- Requirement:
In the records below, find the line that contains "Kingsley Creek (RR" and the line that contains "Abnormal service identification", then retype exactly those two lines and every line between them.

- Exercise input:
________________________________________

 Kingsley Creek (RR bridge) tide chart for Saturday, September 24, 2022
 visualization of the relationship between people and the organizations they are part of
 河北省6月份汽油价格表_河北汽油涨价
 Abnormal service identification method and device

________________________________________

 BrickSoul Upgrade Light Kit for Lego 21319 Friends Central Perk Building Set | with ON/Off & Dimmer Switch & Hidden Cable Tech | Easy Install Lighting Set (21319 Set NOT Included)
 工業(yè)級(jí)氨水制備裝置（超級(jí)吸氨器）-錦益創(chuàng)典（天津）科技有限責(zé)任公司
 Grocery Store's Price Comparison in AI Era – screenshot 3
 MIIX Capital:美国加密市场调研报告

________________________________________

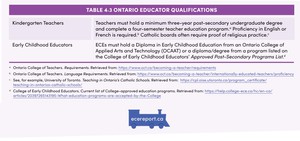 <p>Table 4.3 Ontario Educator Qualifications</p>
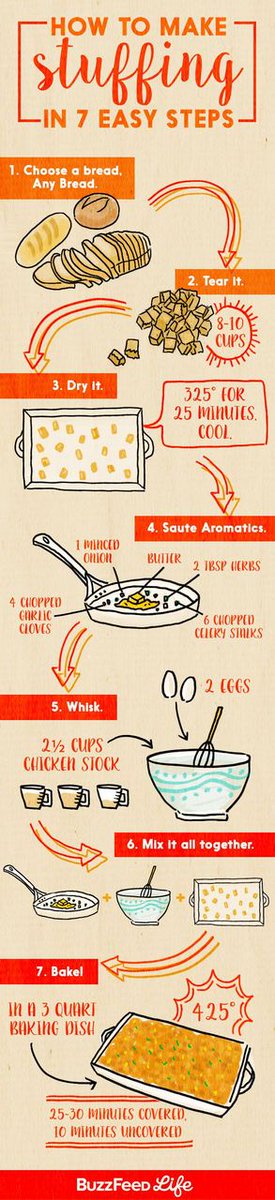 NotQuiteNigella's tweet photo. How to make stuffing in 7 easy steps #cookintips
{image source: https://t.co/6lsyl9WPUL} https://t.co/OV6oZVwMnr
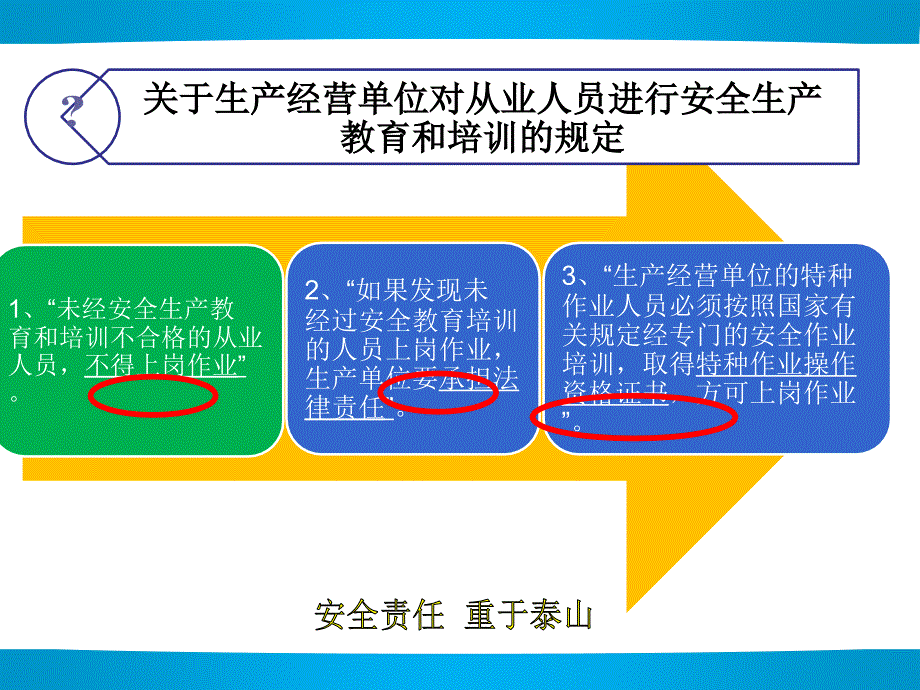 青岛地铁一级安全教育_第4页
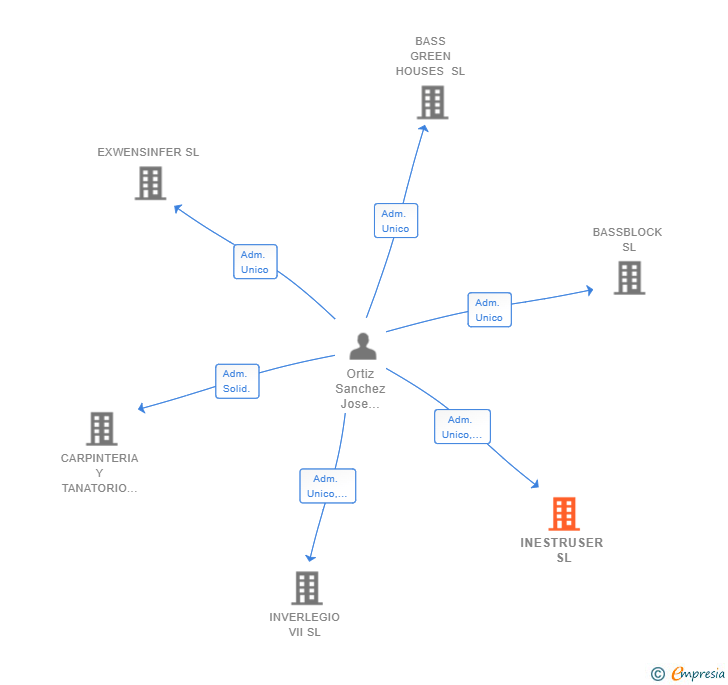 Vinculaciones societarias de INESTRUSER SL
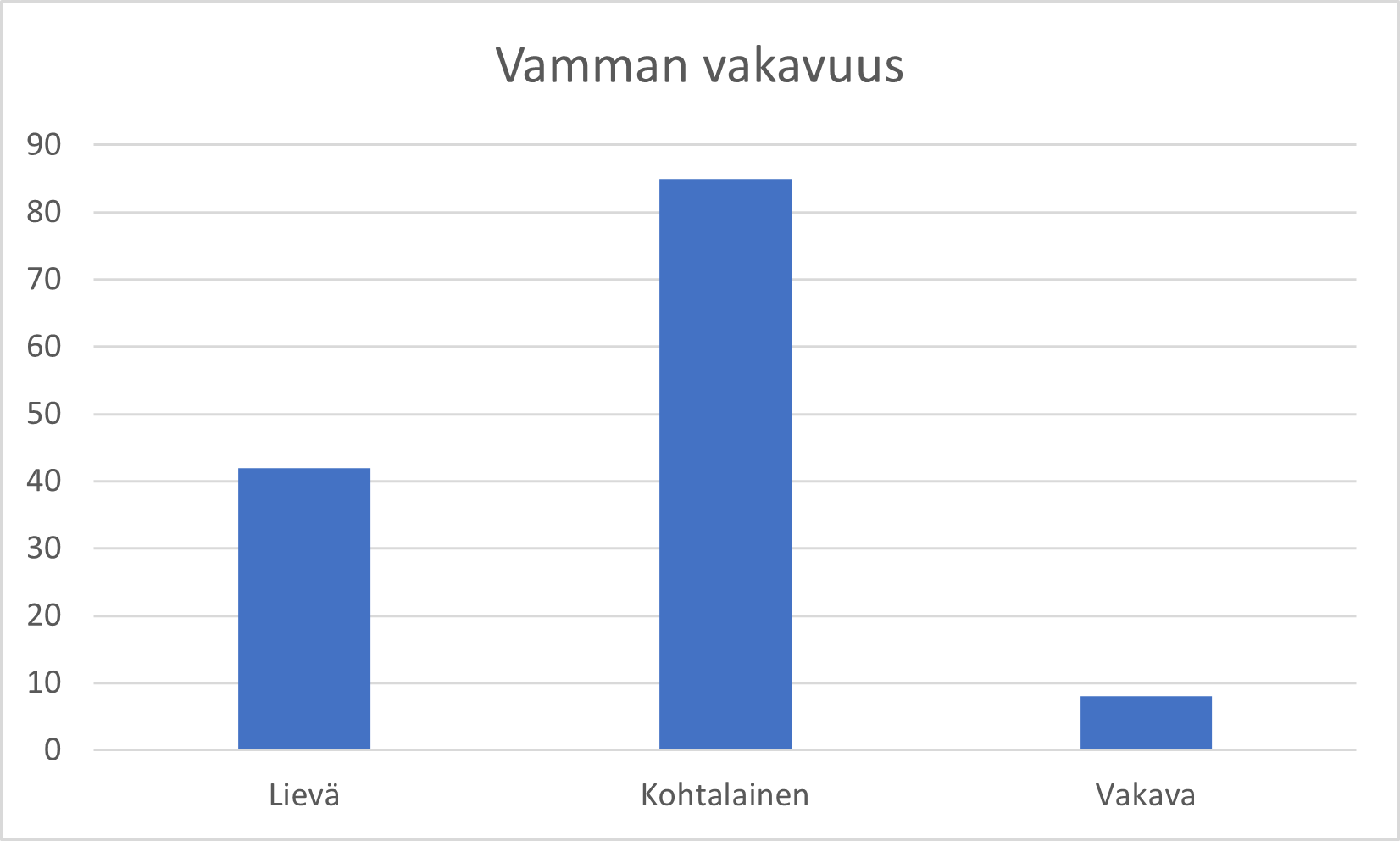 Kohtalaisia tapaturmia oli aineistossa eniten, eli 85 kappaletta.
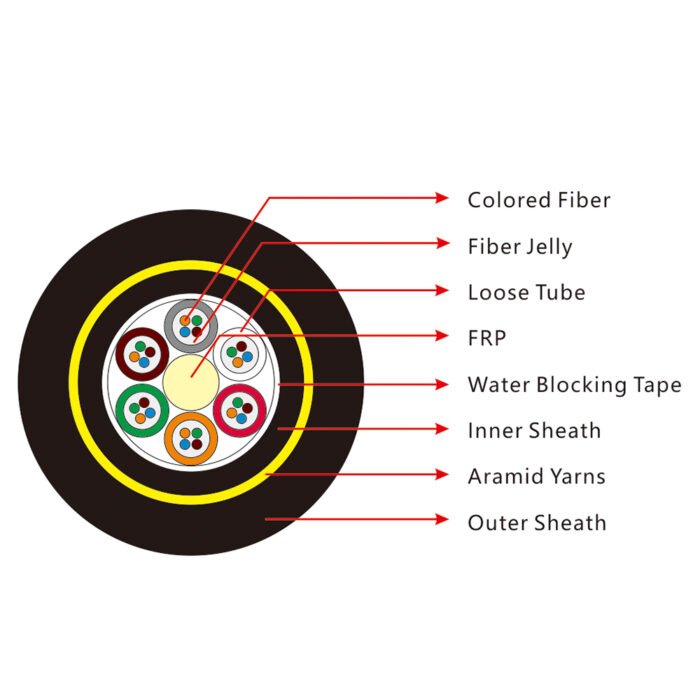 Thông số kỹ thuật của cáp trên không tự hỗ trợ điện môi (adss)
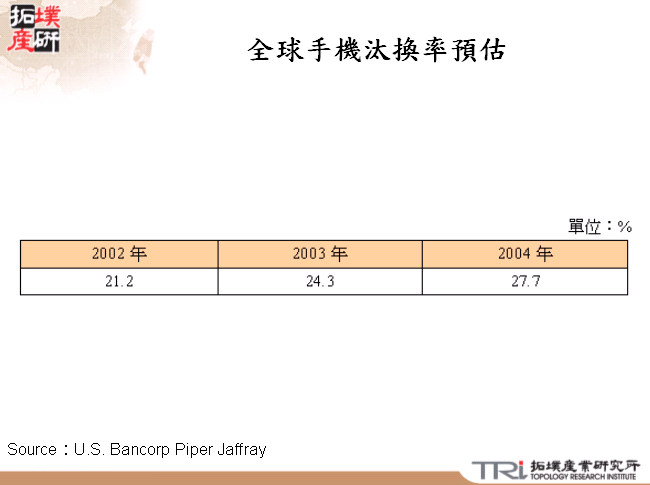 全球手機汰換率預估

________________________________________

- Exercise output:
 Kingsley Creek (RR bridge) tide chart for Saturday, September 24, 2022
 visualization of the relationship between people and the organizations they are part of
 河北省6月份汽油价格表_河北汽油涨价
 Abnormal service identification method and device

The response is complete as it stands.